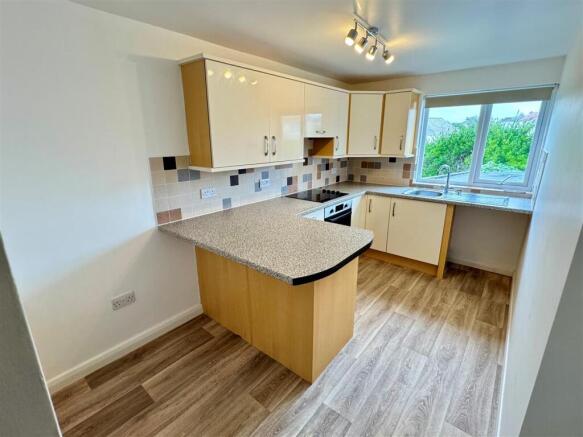 13 Trevelga Court Kitchen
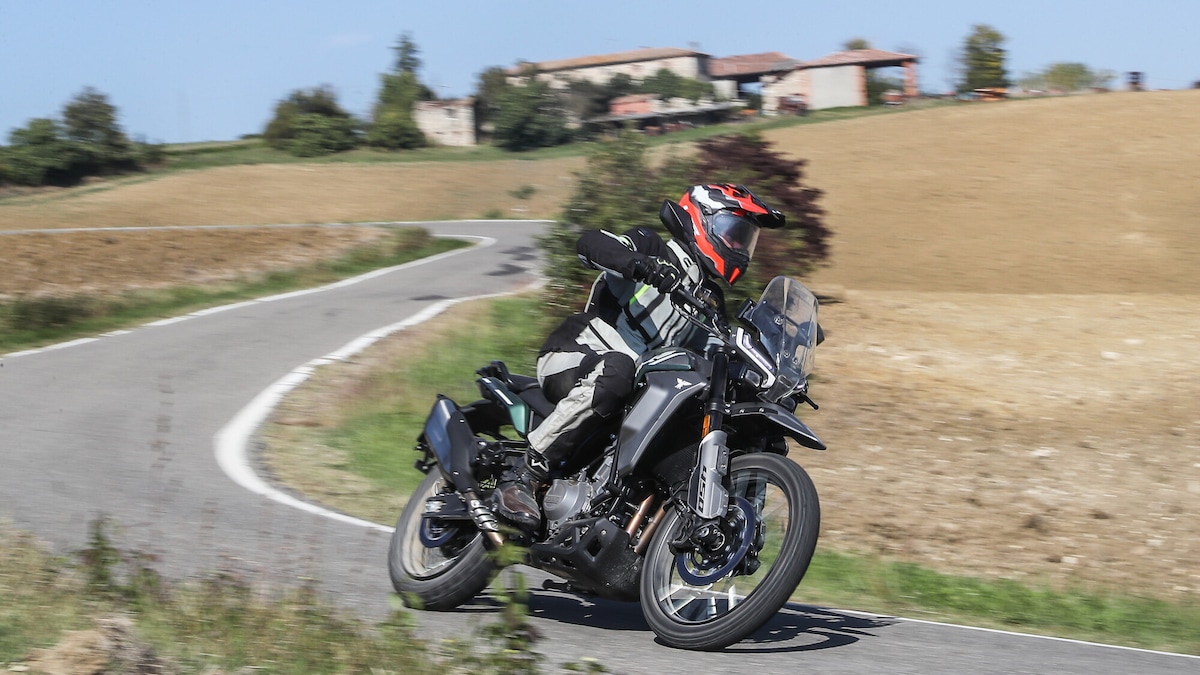 Moto Morini Alltrhike: l'escursionista | IL VIDEO DEL TEST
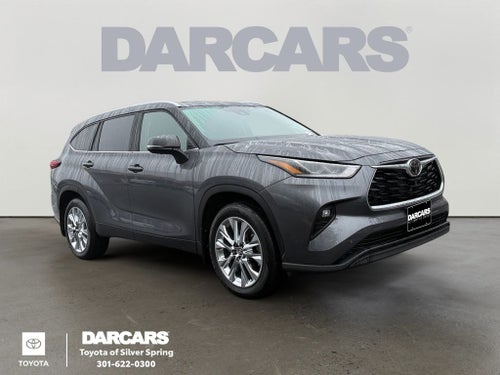 2025 Toyota Highlander Limited Low Miles!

TASK: Would you print the listing above in full, exactly, but with no pictures?

EXERCISE RESPONSE:
 13 Trevelga Court Kitchen
 Moto Morini Alltrhike: l'escursionista | IL VIDEO DEL TEST
 2025 Toyota Highlander Limited Low Miles!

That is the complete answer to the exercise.